→ Problem details: Output each entry that follows exactly. Images stay out.

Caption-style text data
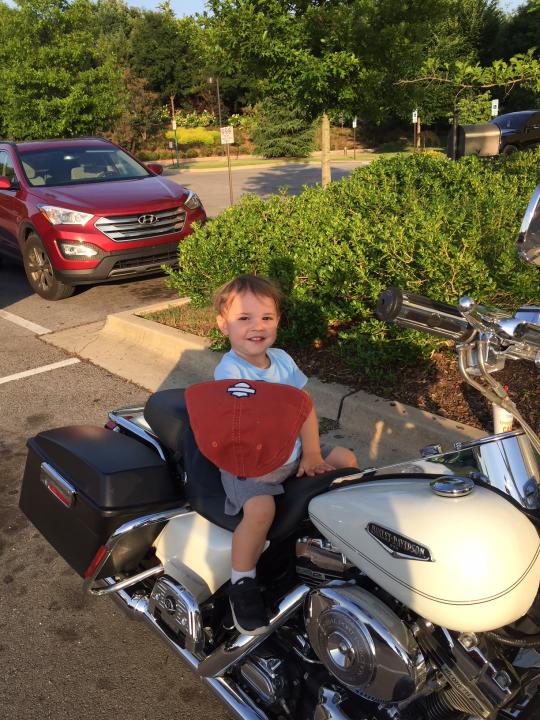Youngest Son William Checking out the Road King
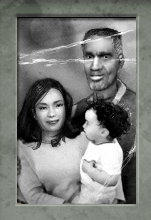 A black and white family portrait. Left is Azian, holding a baby Alyx on her left, placing her in the right of the image. Eli stands above and behind Alyx.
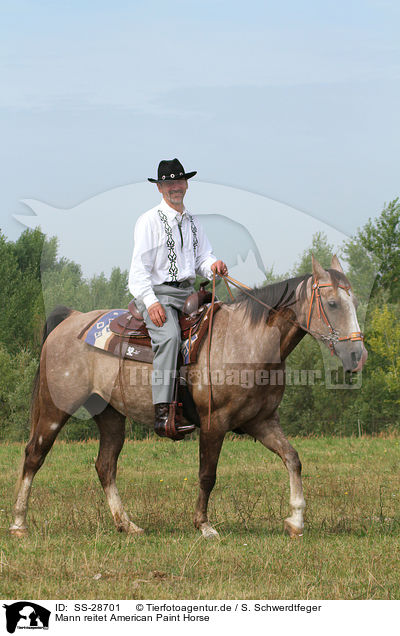Mann reitet American Paint Horse / SS-28701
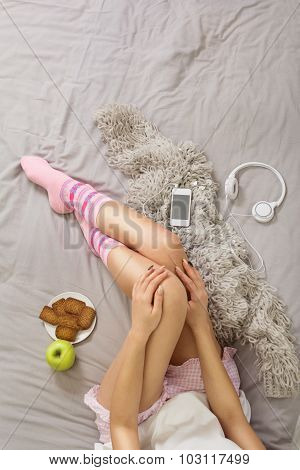 Woman in cozy clothes in bed relaxing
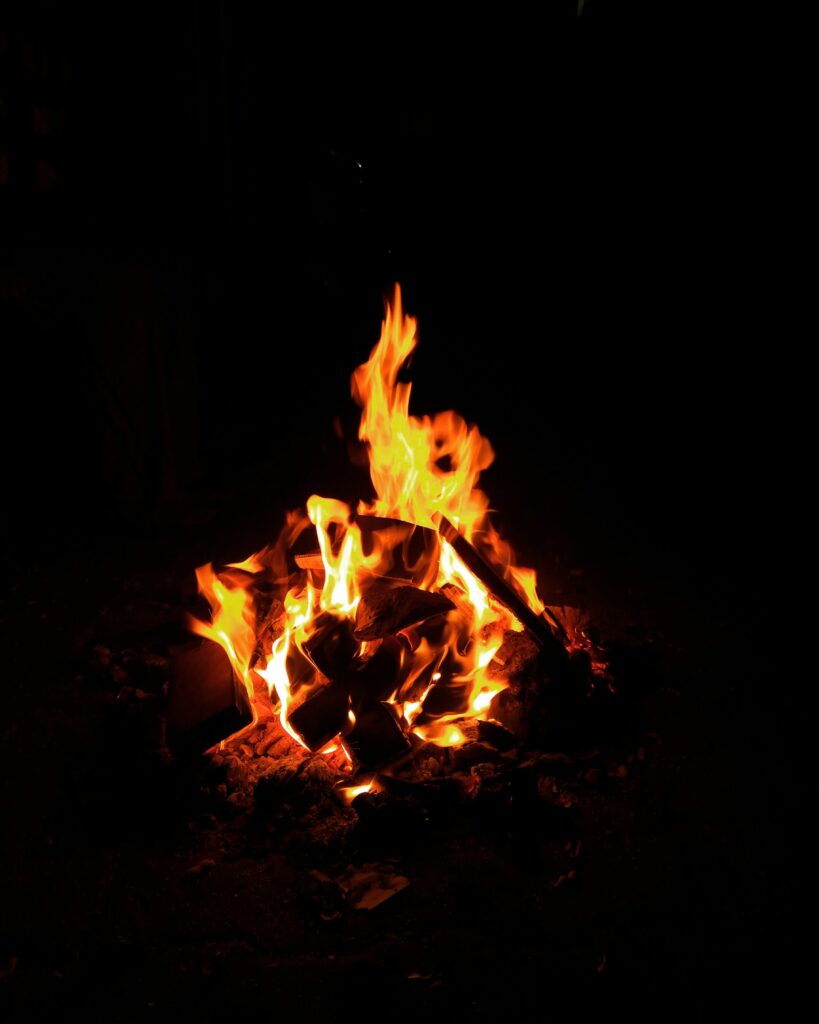 Mesmerizing Bonfire Wallpaper: Vivid Flames on Black Background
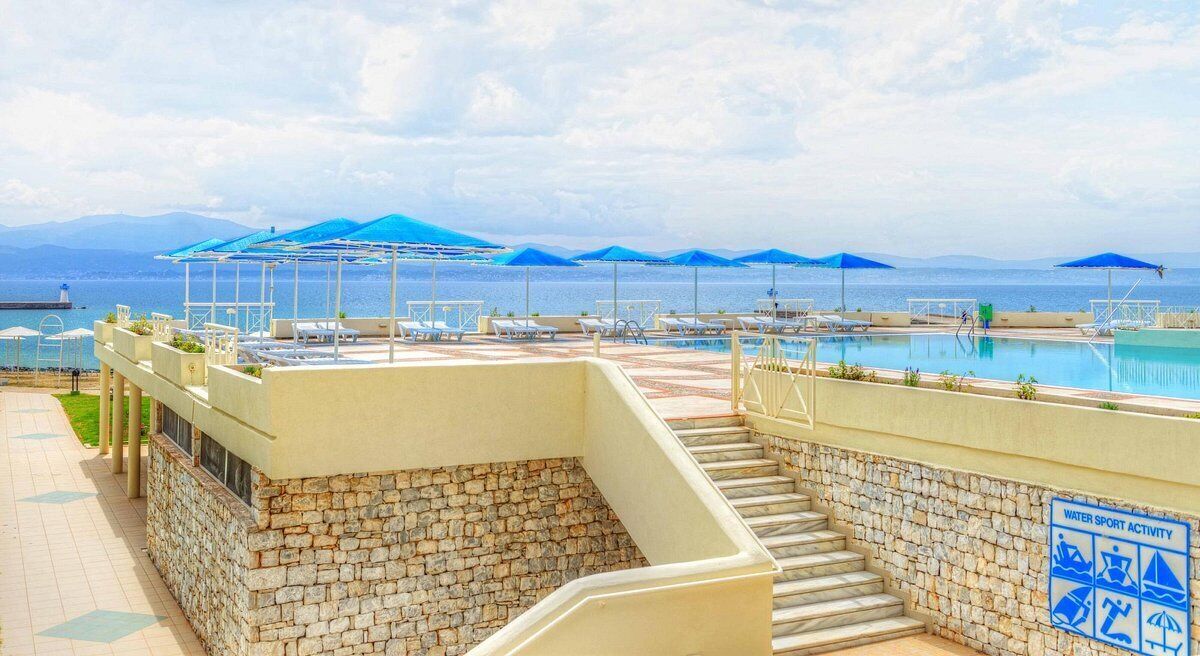 seasonal outdoor pool, pool umbrellas, pool loungers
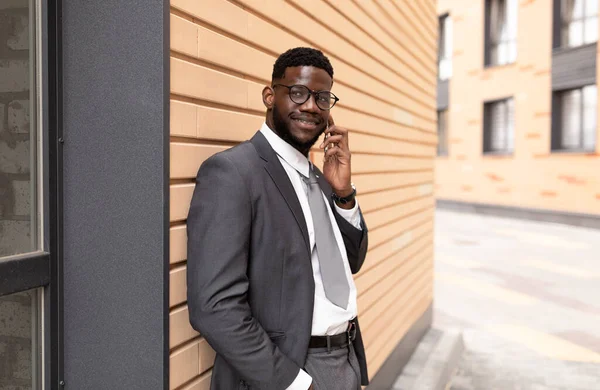 Αυτοπεποίθηση αφροαμερικανός επιχειρηματίας έχει συνομιλία σε εξωτερικούς χώρους smartphone, με τα πόδια στην πόλη κοντά σε κτίρια γραφείων — Φωτογραφία Αρχείου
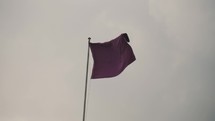 Purple Flag Swaying With The Wind During Holy Week In Antigua Guatemala - low angle	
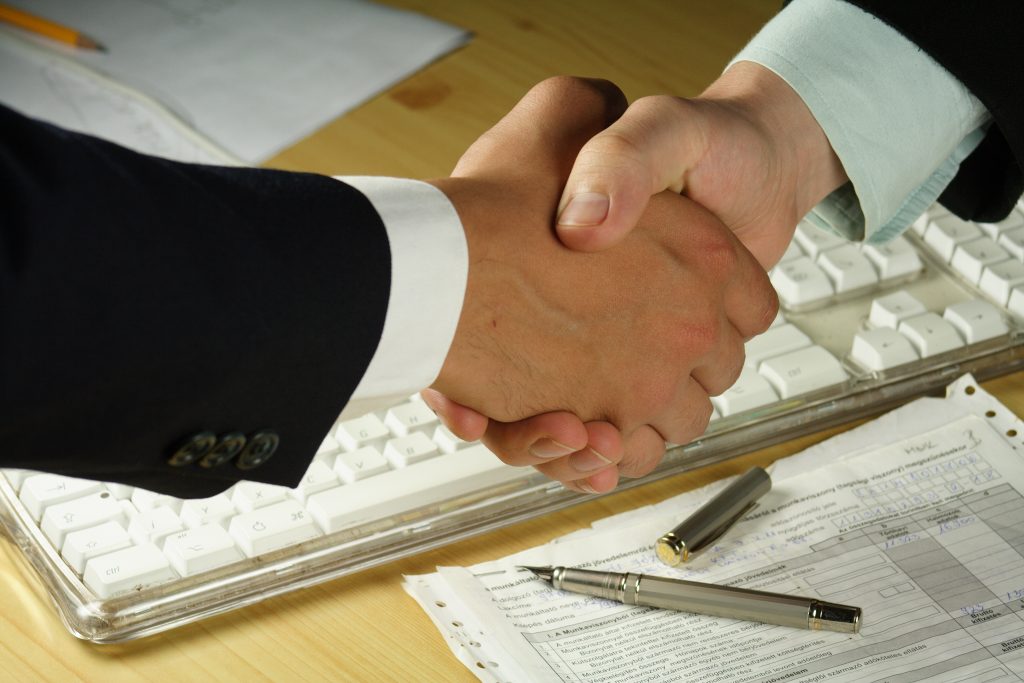 two lawyers shaking hands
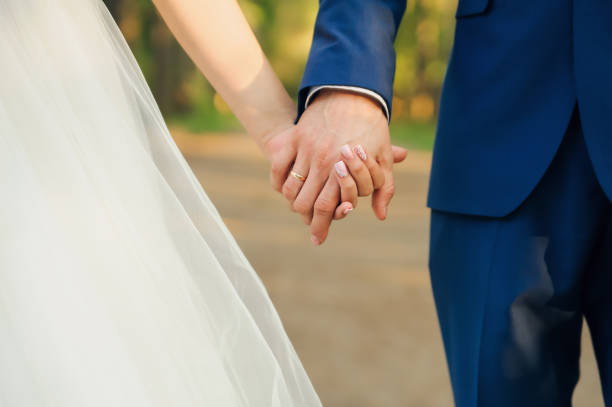 istock wedding couple holding hands. Hands close up 1280568929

→ Solution for this task:
Youngest Son William Checking out the Road King
 A black and white family portrait. Left is Azian, holding a baby Alyx on her left, placing her in the right of the image. Eli stands above and behind Alyx.
Mann reitet American Paint Horse / SS-28701
 Woman in cozy clothes in bed relaxing
 Mesmerizing Bonfire Wallpaper: Vivid Flames on Black Background
 seasonal outdoor pool, pool umbrellas, pool loungers
 Αυτοπεποίθηση αφροαμερικανός επιχειρηματίας έχει συνομιλία σε εξωτερικούς χώρους smartphone, με τα πόδια στην πόλη κοντά σε κτίρια γραφείων — Φωτογραφία Αρχείου
 Purple Flag Swaying With The Wind During Holy Week In Antigua Guatemala - low angle	
 two lawyers shaking hands
 istock wedding couple holding hands. Hands close up 1280568929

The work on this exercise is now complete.